[[ SUPPLIED DATA open ]]

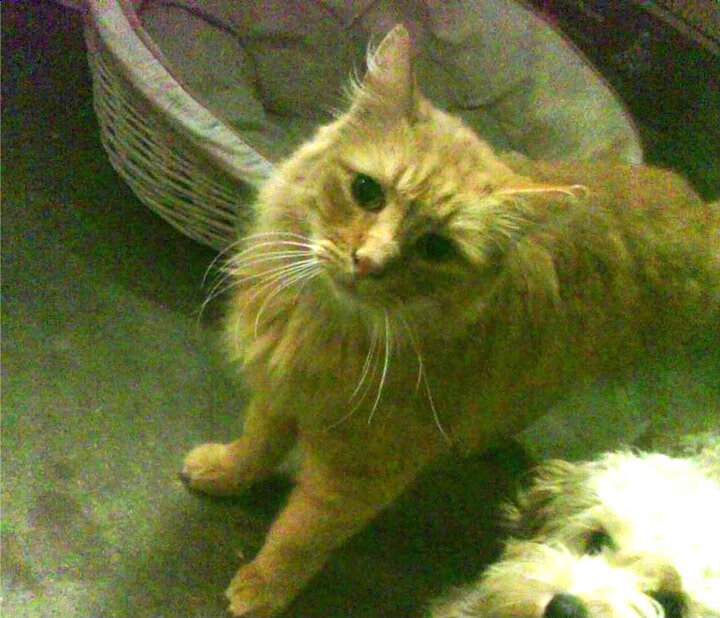 美国队赛制评析:如何在赛制中发现并利用对手的弱点,美国队比赛视频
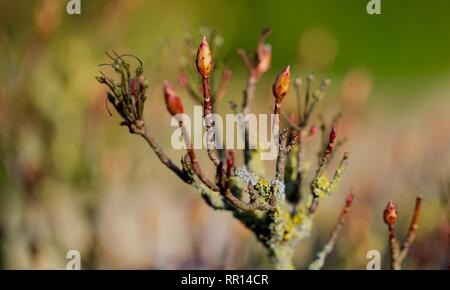 Azalea buds in early spring Stock Photo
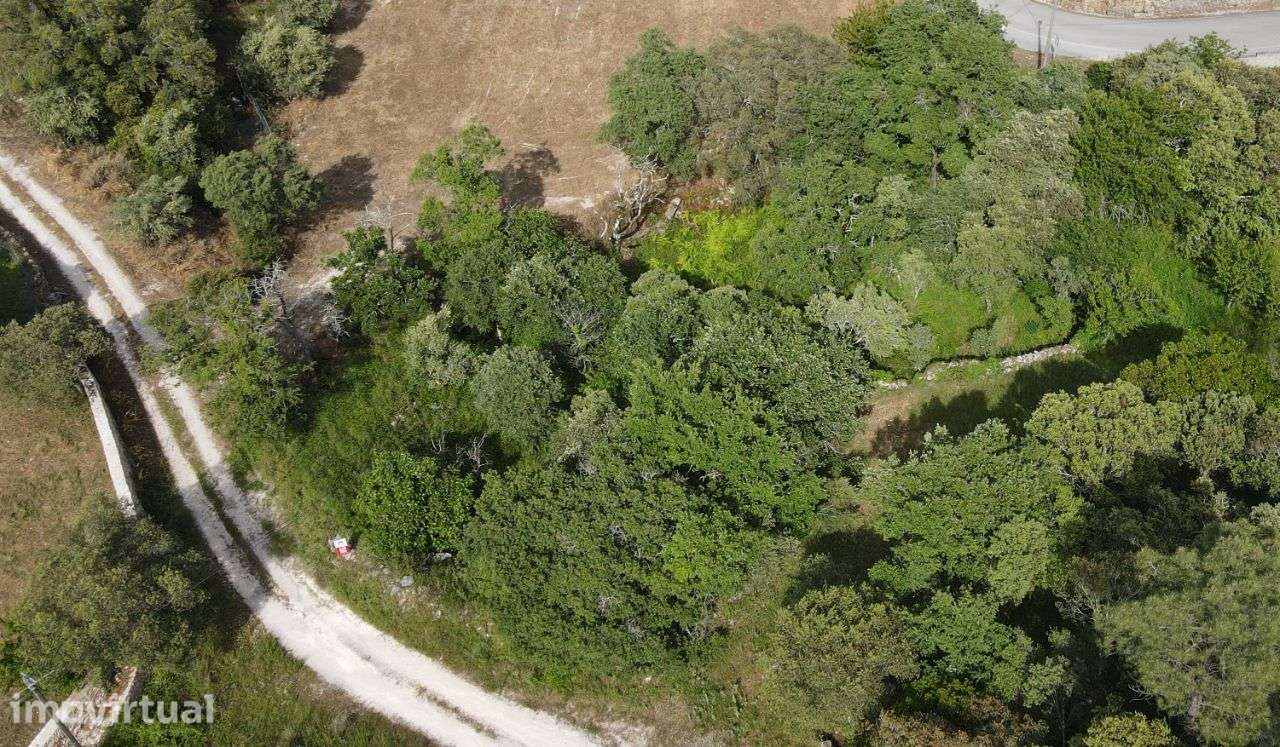 Terreno para construção, Fátima - Grande imagem: 2/9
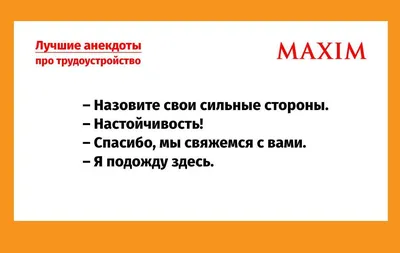 Лучшие анекдоты про трудоустройство и собеседования | MAXIM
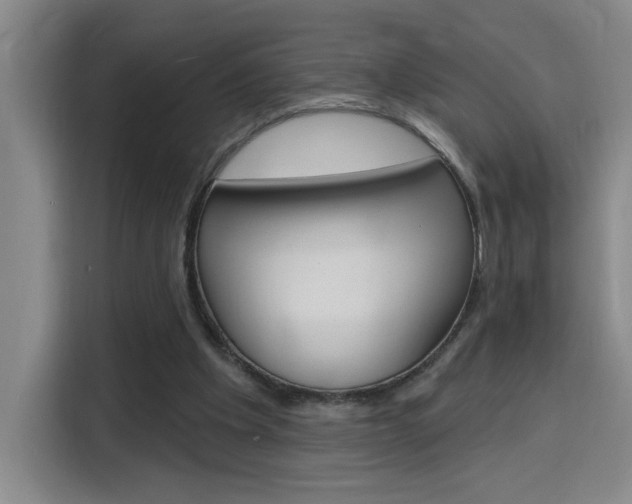 X0000116150201200911230958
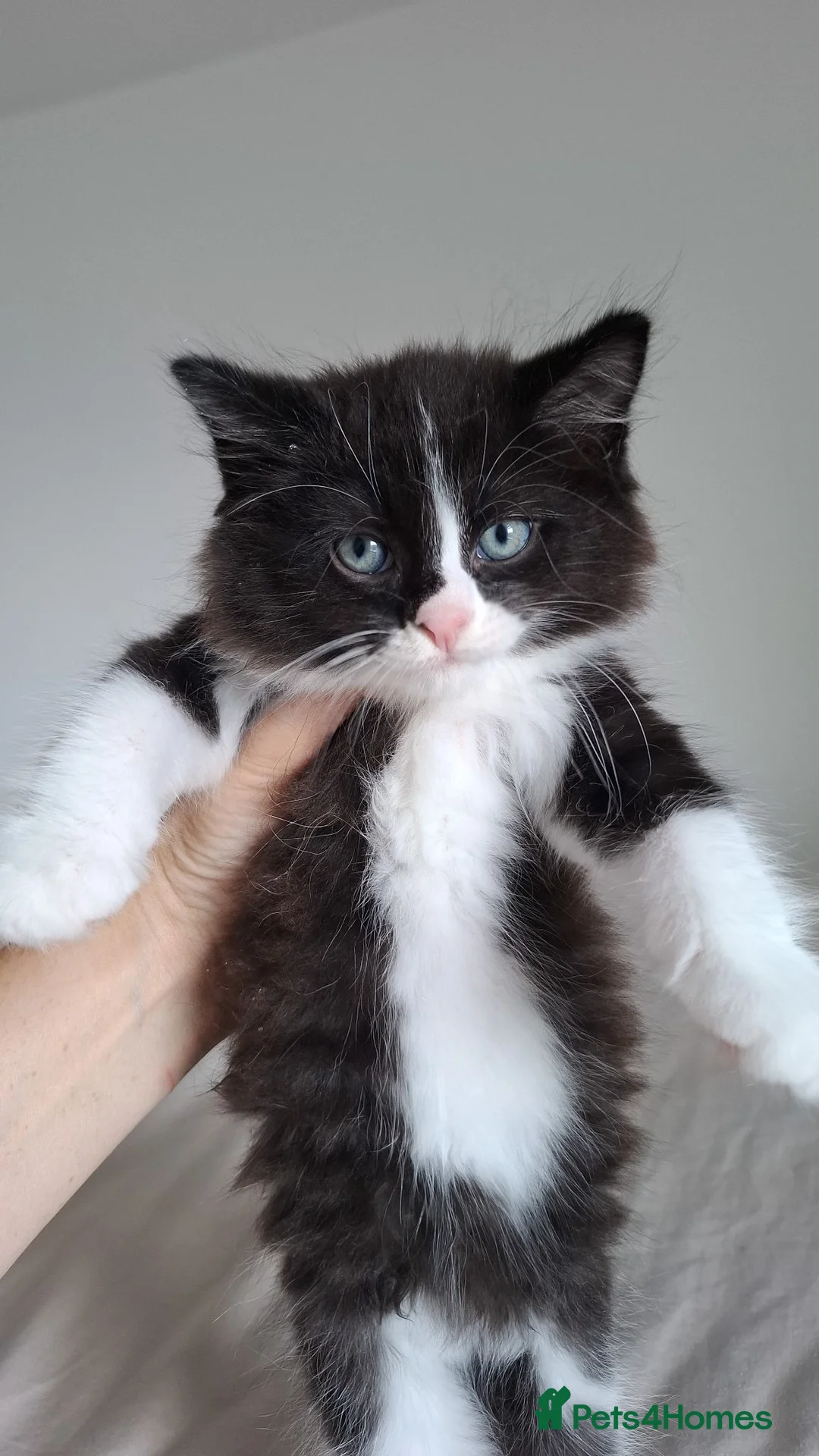Mixed Breed cats for sale: 8 week old kittens in Barry - Advert 1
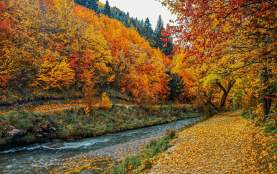 Autumn trees falling around Arrow River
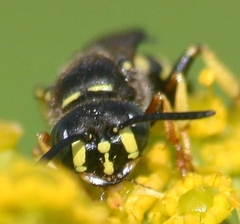 Aphilanthops frigidus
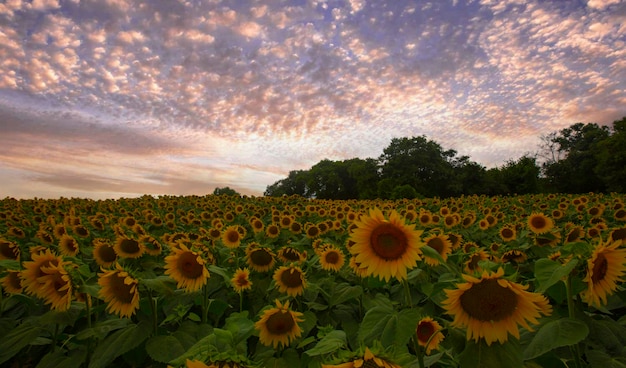 Sunflower field and various times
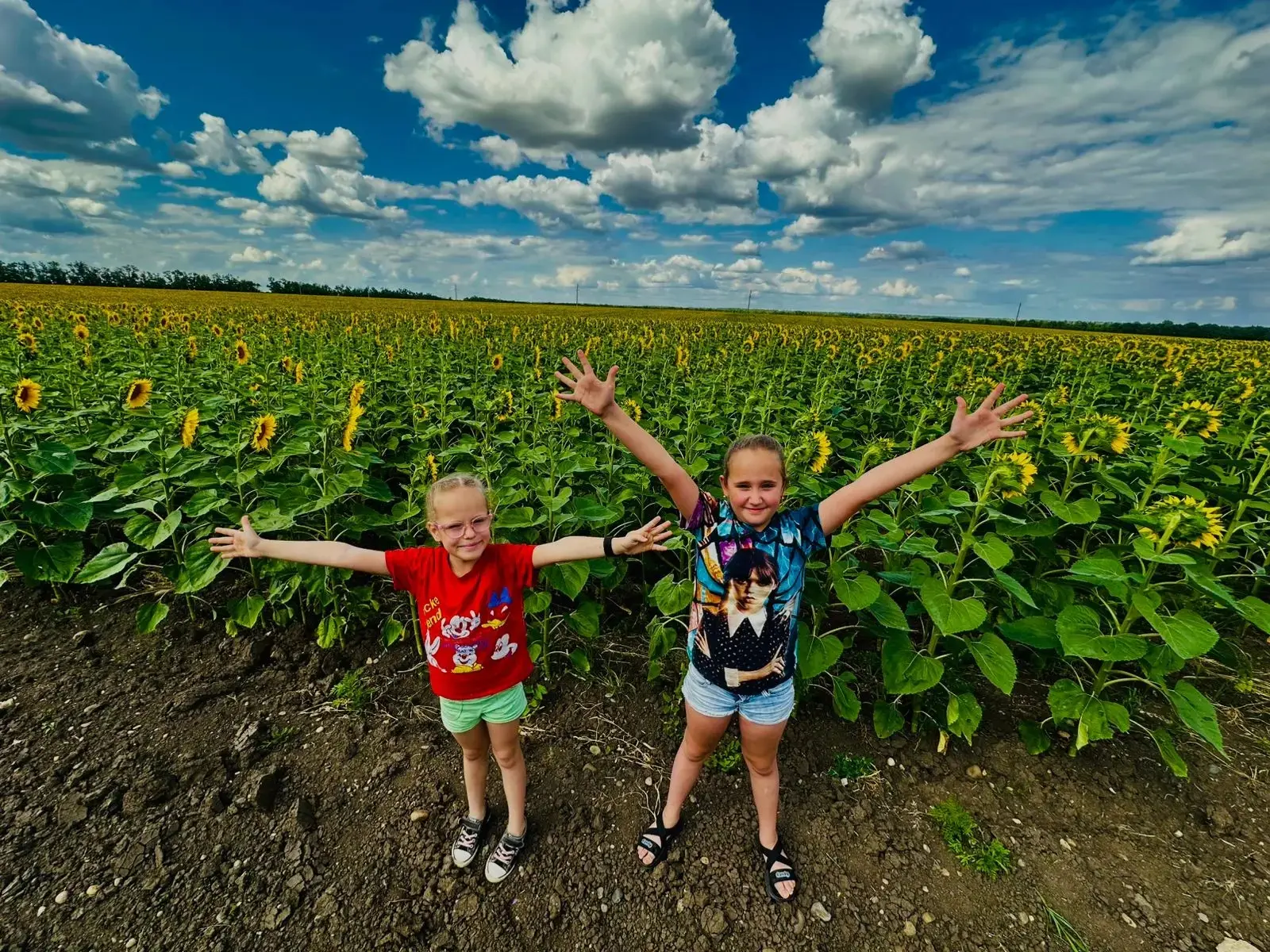 🌞***Пусть лето дарит силы перед новым учебным годом ***

☀Каникулы - это время, когда можно набрать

[[ SUPPLIED DATA closed ]]

# WHAT TO DO
From the first line of the listing above, repeat every line through the one holding "Autumn trees falling around Arrow River". Both ends count, and pictures stay out.

# ANSWER TO THIS EXERCISE
 美国队赛制评析:如何在赛制中发现并利用对手的弱点,美国队比赛视频
 Azalea buds in early spring Stock Photo
 Terreno para construção, Fátima - Grande imagem: 2/9
 Лучшие анекдоты про трудоустройство и собеседования | MAXIM
 X0000116150201200911230958
Mixed Breed cats for sale: 8 week old kittens in Barry - Advert 1
 Autumn trees falling around Arrow River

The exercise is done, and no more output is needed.